> _Goal of the exercise_
The response must be a precise copy of the records that follow.

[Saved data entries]
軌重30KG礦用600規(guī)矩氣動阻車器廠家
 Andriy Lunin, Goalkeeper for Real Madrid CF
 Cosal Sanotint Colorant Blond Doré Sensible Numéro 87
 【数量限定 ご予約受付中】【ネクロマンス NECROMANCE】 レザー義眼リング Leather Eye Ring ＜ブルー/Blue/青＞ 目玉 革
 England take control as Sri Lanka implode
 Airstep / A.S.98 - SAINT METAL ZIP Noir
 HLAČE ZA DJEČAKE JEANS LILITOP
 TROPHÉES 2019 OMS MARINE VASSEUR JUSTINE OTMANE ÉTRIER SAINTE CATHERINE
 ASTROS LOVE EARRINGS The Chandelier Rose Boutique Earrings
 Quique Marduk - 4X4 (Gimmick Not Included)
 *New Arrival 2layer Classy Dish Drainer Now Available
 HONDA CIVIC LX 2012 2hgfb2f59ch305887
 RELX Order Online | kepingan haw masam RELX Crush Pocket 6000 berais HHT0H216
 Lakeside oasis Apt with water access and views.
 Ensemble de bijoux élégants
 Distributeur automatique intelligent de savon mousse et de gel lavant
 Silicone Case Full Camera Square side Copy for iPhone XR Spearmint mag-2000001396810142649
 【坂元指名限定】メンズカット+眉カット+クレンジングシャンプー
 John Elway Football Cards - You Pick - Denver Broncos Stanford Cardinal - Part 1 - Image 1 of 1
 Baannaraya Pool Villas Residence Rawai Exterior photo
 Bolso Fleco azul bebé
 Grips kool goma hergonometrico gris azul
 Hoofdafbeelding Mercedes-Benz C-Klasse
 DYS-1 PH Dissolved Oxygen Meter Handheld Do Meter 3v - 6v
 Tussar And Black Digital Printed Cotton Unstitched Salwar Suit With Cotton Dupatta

> _Result of the task_
軌重30KG礦用600規(guī)矩氣動阻車器廠家
 Andriy Lunin, Goalkeeper for Real Madrid CF
 Cosal Sanotint Colorant Blond Doré Sensible Numéro 87
 【数量限定 ご予約受付中】【ネクロマンス NECROMANCE】 レザー義眼リング Leather Eye Ring ＜ブルー/Blue/青＞ 目玉 革
 England take control as Sri Lanka implode
 Airstep / A.S.98 - SAINT METAL ZIP Noir
 HLAČE ZA DJEČAKE JEANS LILITOP
 TROPHÉES 2019 OMS MARINE VASSEUR JUSTINE OTMANE ÉTRIER SAINTE CATHERINE
 ASTROS LOVE EARRINGS The Chandelier Rose Boutique Earrings
 Quique Marduk - 4X4 (Gimmick Not Included)
 *New Arrival 2layer Classy Dish Drainer Now Available
 HONDA CIVIC LX 2012 2hgfb2f59ch305887
 RELX Order Online | kepingan haw masam RELX Crush Pocket 6000 berais HHT0H216
 Lakeside oasis Apt with water access and views.
 Ensemble de bijoux élégants
 Distributeur automatique intelligent de savon mousse et de gel lavant
 Silicone Case Full Camera Square side Copy for iPhone XR Spearmint mag-2000001396810142649
 【坂元指名限定】メンズカット+眉カット+クレンジングシャンプー
 John Elway Football Cards - You Pick - Denver Broncos Stanford Cardinal - Part 1 - Image 1 of 1
 Baannaraya Pool Villas Residence Rawai Exterior photo
 Bolso Fleco azul bebé
 Grips kool goma hergonometrico gris azul
 Hoofdafbeelding Mercedes-Benz C-Klasse
 DYS-1 PH Dissolved Oxygen Meter Handheld Do Meter 3v - 6v
 Tussar And Black Digital Printed Cotton Unstitched Salwar Suit With Cotton Dupatta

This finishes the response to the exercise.